O objetivo do projeto nuclear russo é garantir o fornecimento de energia a longo prazo para veículos exploradores, observatórios e para a infraestrutura da Estação Internacional de Pesquisa Lunar (ILRS).
Cronograma e logística das missões russas
O desenvolvimento do módulo de energia acontece com a supervisão do Instituto Kurchatov (centro de pesquisa nuclear) em cooperação com a Rosatom (estatal de tecnologia nuclear). O projeto conta com o desenvolvimento de espaçonaves, testes experimentais em solo, testes de voo e implantação de infraestrutura na Lua.
Segundo o planejamento da NPO Lavochkin (empresa espacial russa), as missões de 2033 e 2034 serão dedicadas ao suporte e à entrega da infraestrutura necessária no solo lunar. O módulo de energia tem previsão para ser transportado apenas na missão espacial de 2035.
"O projeto é um passo importante para a criação de uma estação científica lunar em funcionamento permanente e a transição de missões únicas para um programa de exploração lunar de longo prazo", disse a empresa russa Roscosmos.
Rússia e China assinam acordos de cooperação espacial
A iniciativa nuclear tem ligação com a parceria firmada entre Rússia e China. O acordo sela a cooperação dos países para a criação da base lunar ILRS, com liderança da Administração Espacial Nacional da China e a Roscosmos, da Rússia.
Outros países, como Belarus, África do Sul e Sérvia, também fazem parte do projeto da base lunar.
Corrida global por bases lunares
A busca por bases lunares não é um feito exclusivo da Rússia ou China. A NASA, agência espacial estadunidense, e o Departamento de Energia dos EUA anunciaram a assinatura de um memorando de entendimento para consolidar sua colaboração para viabilizar reatores nucleares na superfície lunar até 2030.
Na Europa, a francesa Framatome e a italiana ENEA também exploram soluções tecnológicas para reatores espaciais.
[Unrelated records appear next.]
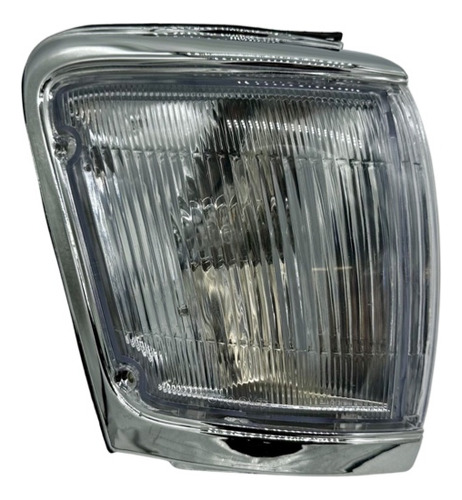 Faro De Posicion Derecho Toyota Hilux 2001-2004 Cromado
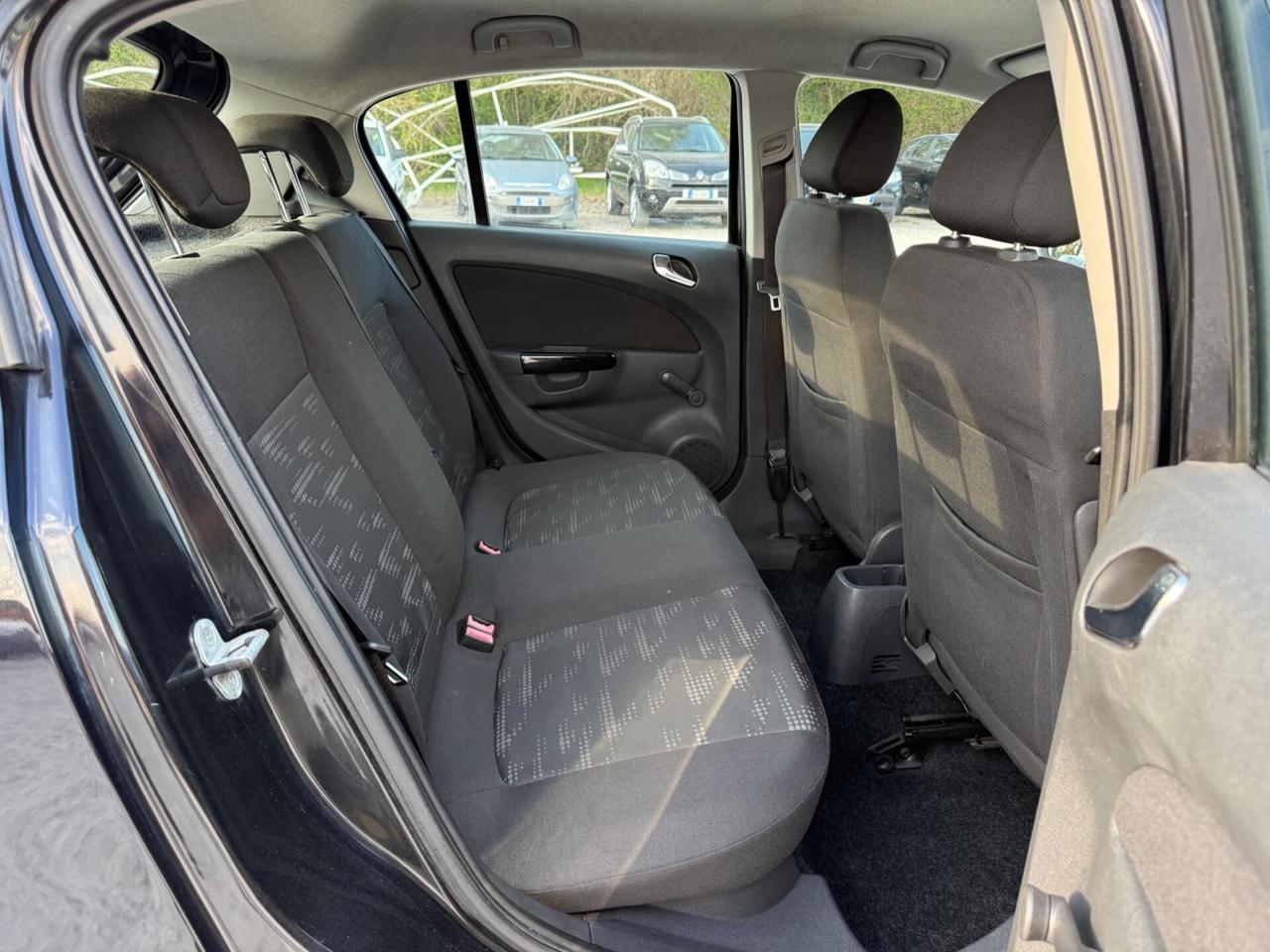 Opel Corsa 1.2 5 porte Club UNICO NEOPATENTATI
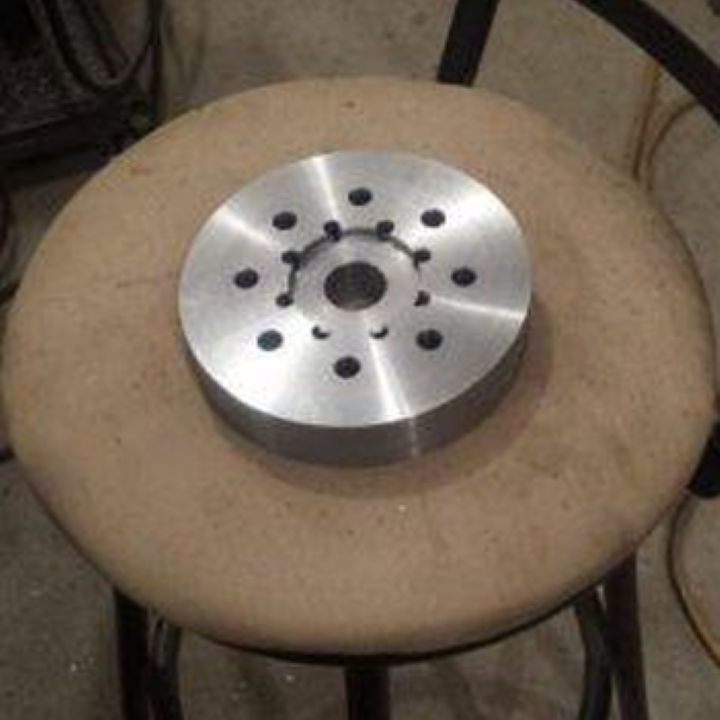 Pièce métallique usinée en aluminium avec finition industrielle de précision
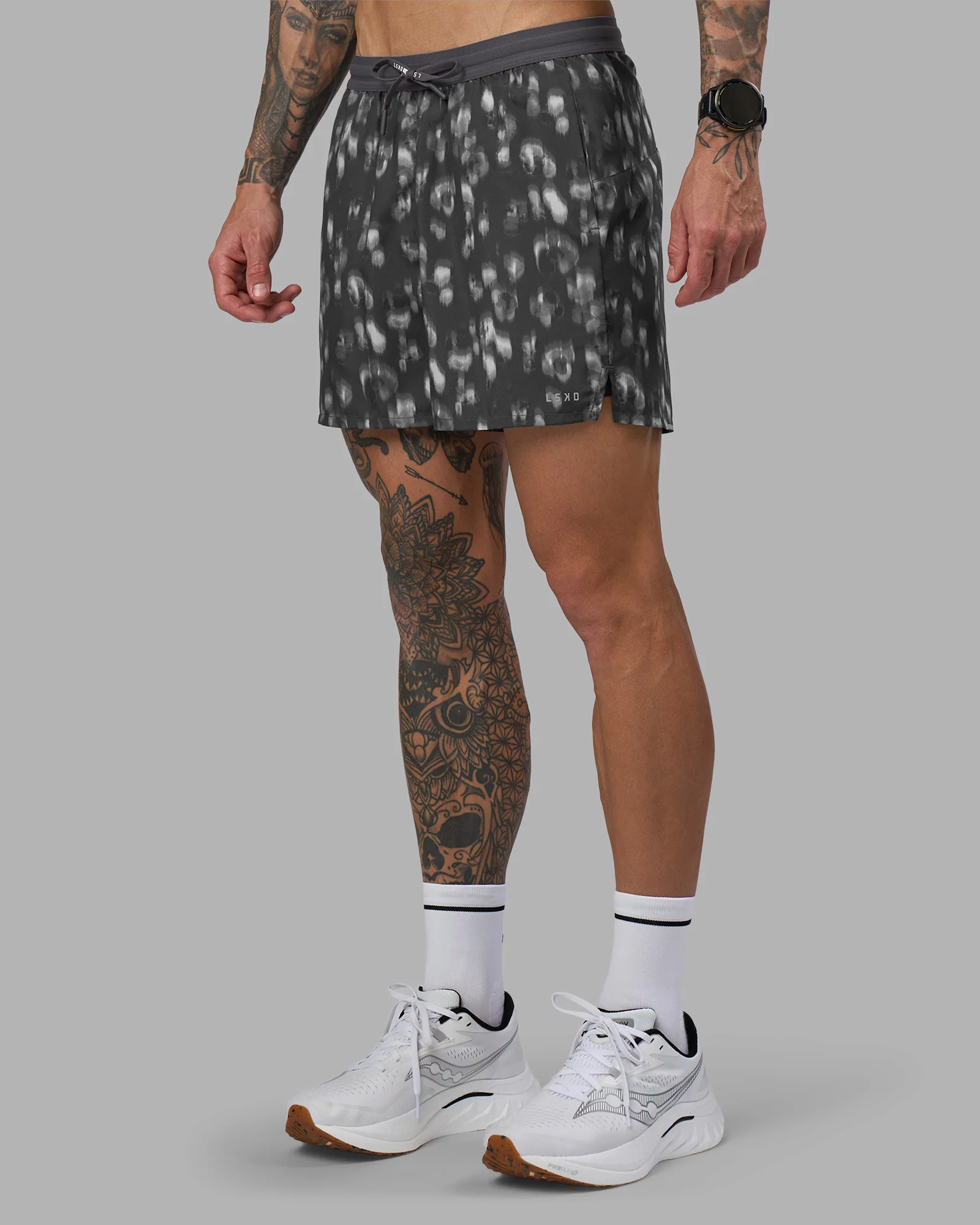 590-pace-5-lined-running-short-markings-dark-storm-print-5.webp Pace 5" Lined Running Short - Markings Dark Storm Print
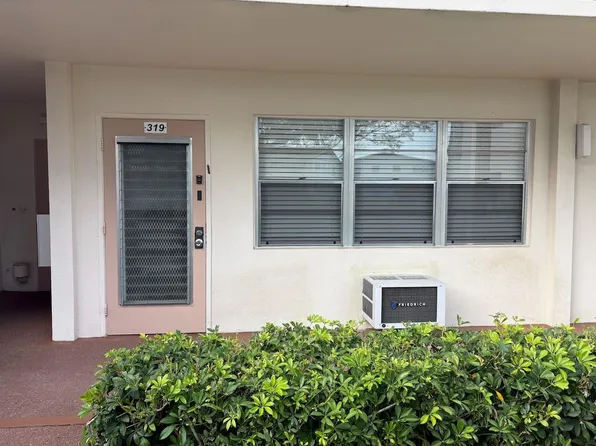 319 Farnham P #319, Deerfield Beach, FL 33442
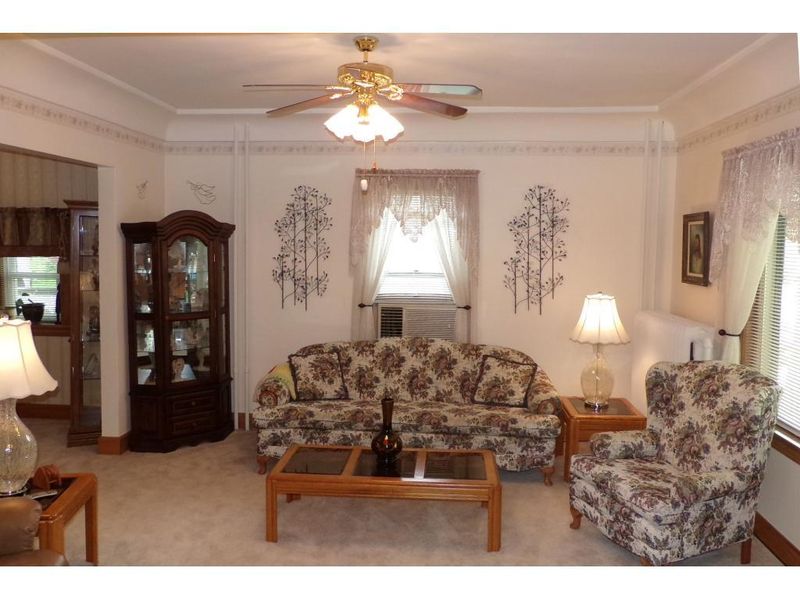 633 E Vine St, Owatonna, MN 55060
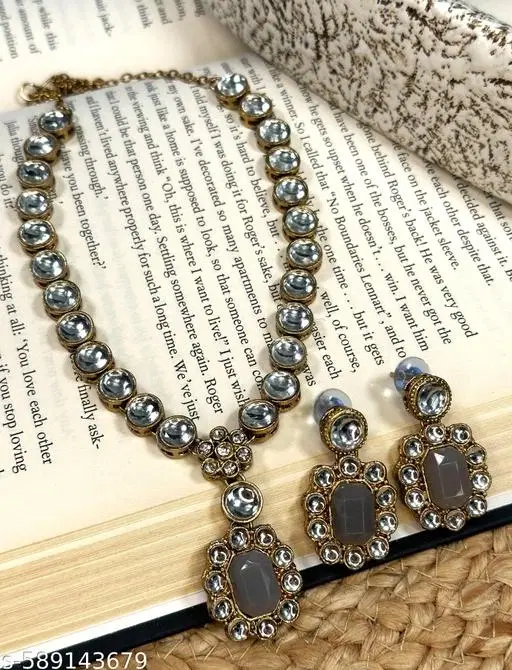 Handicraft Premium Quality Kundan Jewellery Set for Women, Grey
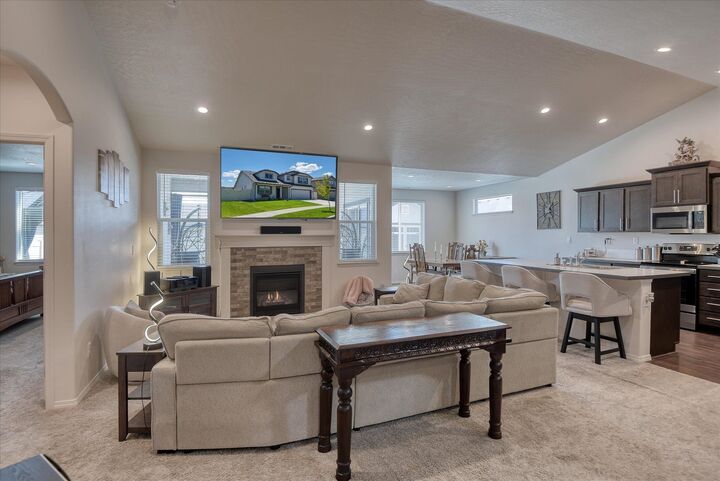 Property Photo: 5711 S Lancer Rd WA 99224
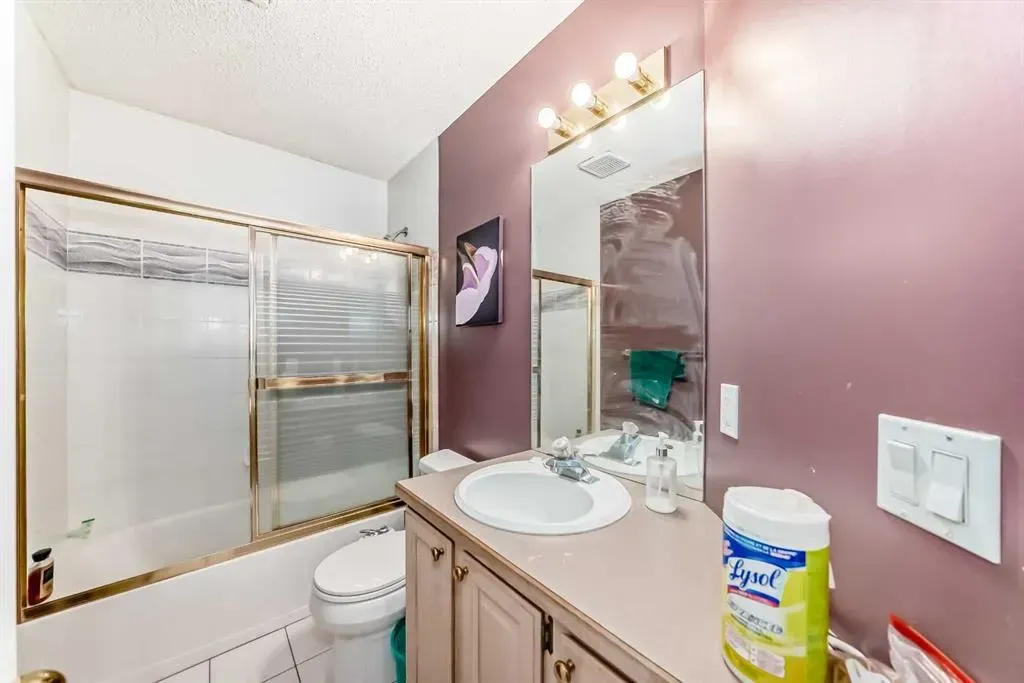 145 Edgeview Road NW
O foco das pesquisas europeias está no desenvolvimento de novos combustíveis e materiais resistentes a condições extremas. Além disso, as empresas estudam o uso de manufatura aditiva para a fabricação de componentes diretamente no espaço, confirmando a tendência global de utilizar a energia nuclear como o padrão energético para futuros assentamentos fora da Terra.